Figure Appearance and thermodynamic properties of the binary blend PHBV PCL (**Journal of Polymers and the Environment) The researchers also point out the significance of this research work, first of all, forAgricultural waste disposalprovide a potential solution that would benefit the cassava processing industry (or other crop processing industries); Secondly, develop oneNew plastics, which can be applied to packaging and biomedical engineering, resulting in better environmental protection and healthcare benefits. Next, the Alfred Fernandez-Castane team plans to use these findings to study more complex".Ternary blendsBiodegradable additives are used to control the final properties of the material to further expand the range of applications for PHBVs. 

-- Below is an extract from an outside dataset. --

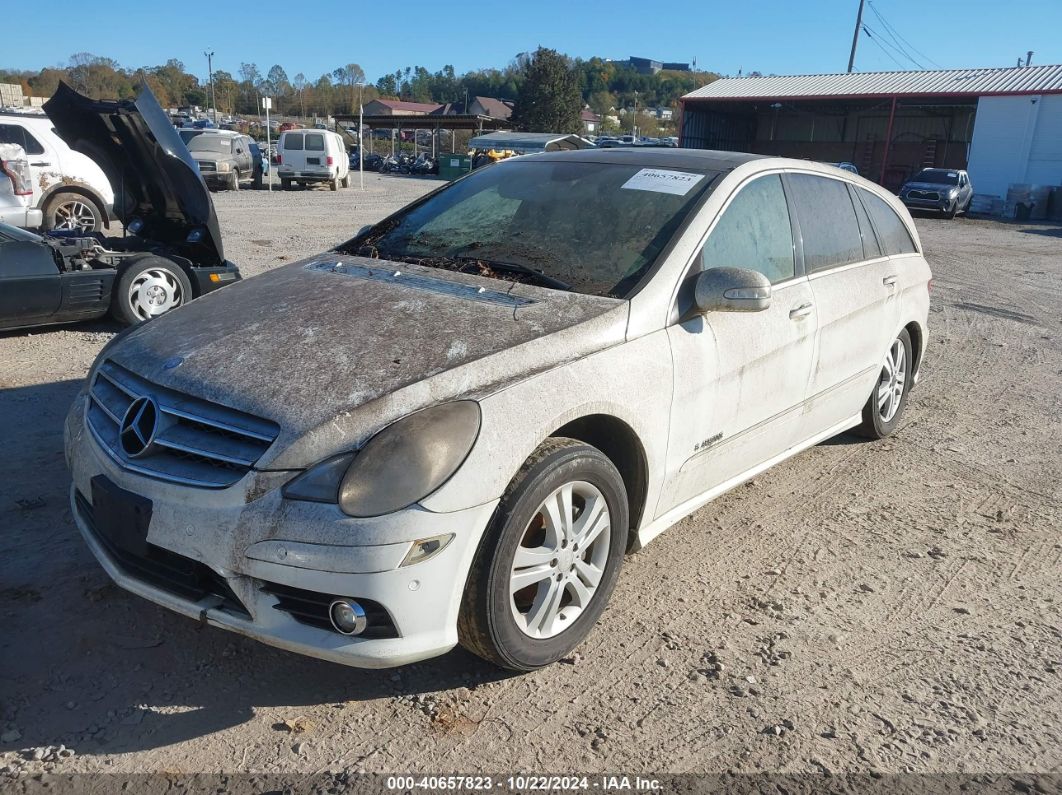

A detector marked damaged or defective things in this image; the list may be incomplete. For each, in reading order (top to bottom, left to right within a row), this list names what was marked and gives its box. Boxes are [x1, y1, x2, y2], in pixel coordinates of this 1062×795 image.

damaged toyota suv [66, 149, 932, 672]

Figure: Dr Alfred Fernandez-Castane, Department of Chemistry and Biochemical Engineering, Aston University, Corresponding author of this paper, Dr Alfred Fernandez-Castane, is a Senior Lecturer in Chemistry and Biochemical Engineering at Aston University and a Principal Investigator in the Energy and Bioproducts Research Institute (EBI) and the Aston Materials Research Institute (AIMR) groups. His lab is developing new biorefinery processes that are more sustainable and cost-effective to produce high-value products with industrial value, including the production of magnetosomes from magnetotactic bacteria, biodegradable biopolymers, and enzymes for the synthesis of biofuels. Material**Official** Online News Disclaimer: This article aims to convey the latest information on synthetic biology, does not represent the position of the platform, and does not constitute any investment advice and recommendations, subject to the official company announcement. This article is not a **plan recommendation, if you need to get **plan guidance, please go to a regular hospital for treatment.